1.4 Employer's Representations and Warranties. Employer hereby
warrants and represents as follows:
1.4.1 Employer is a Tennessee limited liability company,
engaged in the management of schools and educational institutions by and through
its subsidiaries qualified in the respective states in which Employer is engaged
in the management of such schools.
SECTION 2. COMPENSATION AND BENEFITS.
2.1 Compensation. For services rendered pursuant to this
Agreement, Executive shall receive the following compensation:
2.1.1 Salary. As base salary during the period January 1,
2000 through June 30, 2000, Employer shall pay Executive at the rate of One
Hundred Thirty Thousand Dollars ($130,000.00 ) per annum.

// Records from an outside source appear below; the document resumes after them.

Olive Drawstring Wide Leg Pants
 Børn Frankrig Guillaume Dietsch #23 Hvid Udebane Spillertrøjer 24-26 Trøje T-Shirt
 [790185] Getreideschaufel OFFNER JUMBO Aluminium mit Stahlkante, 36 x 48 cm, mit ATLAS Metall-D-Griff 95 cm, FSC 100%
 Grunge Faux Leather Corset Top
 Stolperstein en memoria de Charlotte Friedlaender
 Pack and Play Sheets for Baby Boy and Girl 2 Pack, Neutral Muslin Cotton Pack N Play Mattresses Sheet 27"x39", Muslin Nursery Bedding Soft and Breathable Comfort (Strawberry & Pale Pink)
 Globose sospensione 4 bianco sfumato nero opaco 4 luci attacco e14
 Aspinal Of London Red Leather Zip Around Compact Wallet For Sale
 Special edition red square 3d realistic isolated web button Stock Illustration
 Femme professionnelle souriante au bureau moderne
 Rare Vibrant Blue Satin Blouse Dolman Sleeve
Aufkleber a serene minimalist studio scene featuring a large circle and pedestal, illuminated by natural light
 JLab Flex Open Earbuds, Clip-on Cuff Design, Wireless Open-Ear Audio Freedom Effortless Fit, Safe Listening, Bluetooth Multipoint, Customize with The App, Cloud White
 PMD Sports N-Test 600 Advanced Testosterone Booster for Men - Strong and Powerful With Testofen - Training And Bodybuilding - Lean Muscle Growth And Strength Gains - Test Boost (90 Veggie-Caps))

Such base salary shall
increase to One Hundred Thirty Five Thousand Dollars ($135,000.00 ) per annum
for the period July 1, 2000 through June 30, 2001, and shall increase to One
Hundred Forty-five Thousand ($145,000.00) per annum for the period July 1, 2001
through June 30, 2002. For the period July 1, 2002 through September 30, 2002,
the base salary shall increase to One Hundred Fifty Five Thousand Dollars
($155,000.00) per annum.
2.1.2 Contribution Allowance. In accordance with two
Contribution Allowance Agreements dated July 2, 1997 and December 12, 1996
between Executive and Employer, Executive shall continue to vest over time in
options to purchase up to a total of twenty-seven thousand (27,000) Class B
Points of Interest pursuant to Employer's 1996 Points of Interest Option Plan
under the terms set forth in the two Contribution Allowance Agreements.
2.1.3 Bonuses. On September 15 of each year, Executive
shall be eligible to receive a bonus payment at the discretion of the Employer's
Board. On or before March 1, 2000, Executive and Employer's Board shall meet to
determine the amount of the bonus for which Executive shall be eligible each
year, and the criteria upon which the bonus payment shall be determined. At that
time, such amounts and criteria shall be added as an addendum to this Agreement
in a form similar to that attached hereto as Exhibit A.
2.1.4 Payment of Compensation. Employer shall pay Executive
all such compensation in accordance with Employer's normal payroll practices.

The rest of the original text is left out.